(Beginning of Entries provided)

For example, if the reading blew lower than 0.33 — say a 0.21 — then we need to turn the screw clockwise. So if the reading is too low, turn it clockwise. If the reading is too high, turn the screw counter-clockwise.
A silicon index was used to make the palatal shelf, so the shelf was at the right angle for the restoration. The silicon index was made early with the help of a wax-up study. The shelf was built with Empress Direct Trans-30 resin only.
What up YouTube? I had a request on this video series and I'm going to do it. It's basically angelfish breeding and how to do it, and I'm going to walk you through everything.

(End of Entries provided)
(Beginning of Entries provided)

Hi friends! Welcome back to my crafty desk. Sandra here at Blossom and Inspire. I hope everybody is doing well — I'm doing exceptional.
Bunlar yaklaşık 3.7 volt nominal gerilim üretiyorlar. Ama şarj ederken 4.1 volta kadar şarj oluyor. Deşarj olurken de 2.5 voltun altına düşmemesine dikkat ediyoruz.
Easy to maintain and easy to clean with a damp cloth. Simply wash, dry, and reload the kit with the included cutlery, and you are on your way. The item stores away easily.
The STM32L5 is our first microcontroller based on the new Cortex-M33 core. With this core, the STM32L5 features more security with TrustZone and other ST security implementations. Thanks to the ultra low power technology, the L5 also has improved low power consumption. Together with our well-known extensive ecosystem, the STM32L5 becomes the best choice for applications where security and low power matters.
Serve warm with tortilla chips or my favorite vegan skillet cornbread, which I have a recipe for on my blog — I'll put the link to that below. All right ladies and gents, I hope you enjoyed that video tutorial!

(End of Entries provided)

## Your objective
Start with the line above that contains "For example, if" and end with the line that contains "What up YouTube?". Write out those lines exactly, and only those.

## Written response
For example, if the reading blew lower than 0.33 — say a 0.21 — then we need to turn the screw clockwise. So if the reading is too low, turn it clockwise. If the reading is too high, turn the screw counter-clockwise.
A silicon index was used to make the palatal shelf, so the shelf was at the right angle for the restoration. The silicon index was made early with the help of a wax-up study. The shelf was built with Empress Direct Trans-30 resin only.
What up YouTube? I had a request on this video series and I'm going to do it. It's basically angelfish breeding and how to do it, and I'm going to walk you through everything.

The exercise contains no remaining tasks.